On Sunday morning the search began again by air and sea. The Suffolk County Sheriff’s office took its East End Marine Task Force boat to the scene, while state parks police on all-terrain vehicles assisted with the shoreline search. Village police officers also patrolled the shoreline. 

With the current changing to the west, debris washed up Sunday on Main Beach and Georgica Beach all the way past the Southampton Town line, the chief said. All items found are being turned over to the Federal Aviation Administration and the National Transportation Safety Board.

“Everybody not only stepped up, but volunteered their services, took direction and went with it. Things went very smoothly from our end, in a very difficult situation,” Chief Sarlo said. 

The Coast Guard, based on its water-temperature timelines for survivability, suspended its search for survivors on Sunday afternoon, and it became a recovery effort. Faced with rough sea conditions, police temporarily stopped searching in the water, but were back out Tuesday afternoon. 

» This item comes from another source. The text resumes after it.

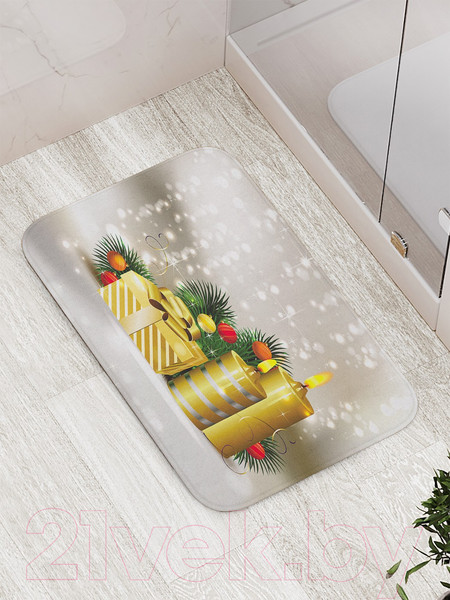 Изображение товара Коврик для ванной JoyArty Подарок при свечах / bath_78059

Sonar mapping is being used to narrow the scope of the area where the wreckage may be located. According to Chief Sarlo, parts of the plane could be about 40 to 60 feet deep. The commercial fishing boats have been helpful in showing detectives what was in the area before the crash and what may be there now, the chief said. 

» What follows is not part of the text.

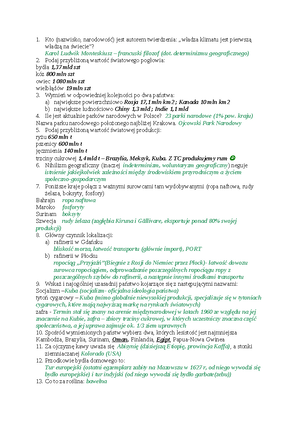 Test - Rozdział 2. Ludność I Urbanizacja W Polsce Cz.2 (t.7-10) Test (z ...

Police will use a remotely operated underwater vehicle as soon as sea conditions cooperate, possibly today. The device sends images back to divers on a boat so that they know what is down below.

“We feel we have located the general area of the wreckage of the plane,” the chief said, but until the condition of the wreckage is known — how many pieces the plane is in, what is inside it — they will not decide how to proceed. 

There is a high likelihood that the two people missing were trapped inside the plane, Chief Sarlo said. 

“We would like to locate them and put this part of the investigation to bed as quickly as possible,” he said. “We want closure for the families. I think the salvage of the plane itself is minor in the minds of the victims’ families.” Recovering their bodies so their families can “lay them to rest . . . that’s what our goal is.”